Concepts → Remote Table
Overview
A Remote table is a physical schema table definition in Incorta that references data stored in an external data lake, allowing access to that data without extracting it into Incorta’s shared storage or loading it into Engine memory. This architecture allows querying large datasets directly from their source locations, such as Google Cloud Storage and Amazon S3.
Remote tables in Incorta are primarily accessed through Materialized Views (MVs) and Spark SQL Views (supported starting 2026.3.0). The main use case for remote tables is to reference large external datasets and perform transformations or aggregations within Incorta, producing smaller, materialized datasets optimized for analytics.
Unlike standard physical tables, remote tables are not extracted or loaded by the Loader Service. Consequently, they are not directly available to the Analytics Service for querying. Instead, they must be referenced through MVs or Spark SQL Views, where the data is processed and materialized before being consumed by dashboards or external BI tools.
This approach helps reduce storage and memory usage as only the final transformed or aggregated results are loaded into Incorta Engine, rather than the full raw dataset.
Key benefits and use cases
- Aggregating large data without full extraction: Remote tables enable referencing very large datasets and creating aggregated materialized views or Spark SQL views without loading the full raw data into Incorta.
- Reducing storage duplication: Duplicating large datasets in shared storage can consume significant disk space and memory. Remote tables eliminate unnecessary duplication when only a subset or an aggregated dataset is needed.
- Data lake–first architectures: Organizations maintaining centralized data lakes can share datasets with Incorta without disrupting existing storage architecture.

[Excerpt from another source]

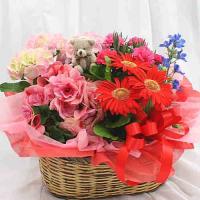 季節の鉢植え　寄せ鉢　花ギフト　「LLサイズ」　誕生日プレゼントや退職などのお祝い 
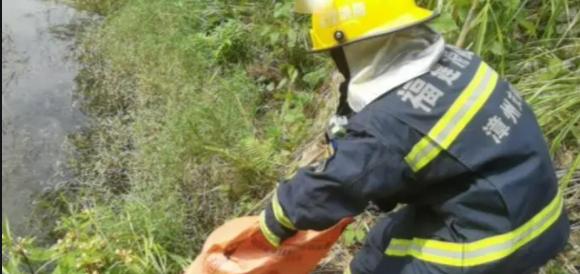 大蟒蛇正面突袭结果吓得一身冷汗,遭遇大蟒蛇如何脱险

- External BI tool integration: External BI tools can access remote data via Incorta’s SQL interfaces without physically loading it into Incorta.
Supported connectors
Incorta supports remote tables for the following data lake connectors:
- Apache Hadoop (HDFS)
- Apache Hive
- AWS Athena
- AWS S3
- Google Cloud Storage (GCS)
- Microsoft Azure Gen2
- Local Files (Data Lake)
- FTP
- SFTP
How remote tables work
Create a data lake data source with appropriate cloud storage credentials.
Define a physical schema table in Incorta that references the data source, turn on the Remote toggle, and specify the remote data file type.
NotesBefore 2025.7, remote tables support text-based, ORC, and Parquet files only, while they start supporting Delta tables in 2025.7. They support union files starting with 2026.3.0.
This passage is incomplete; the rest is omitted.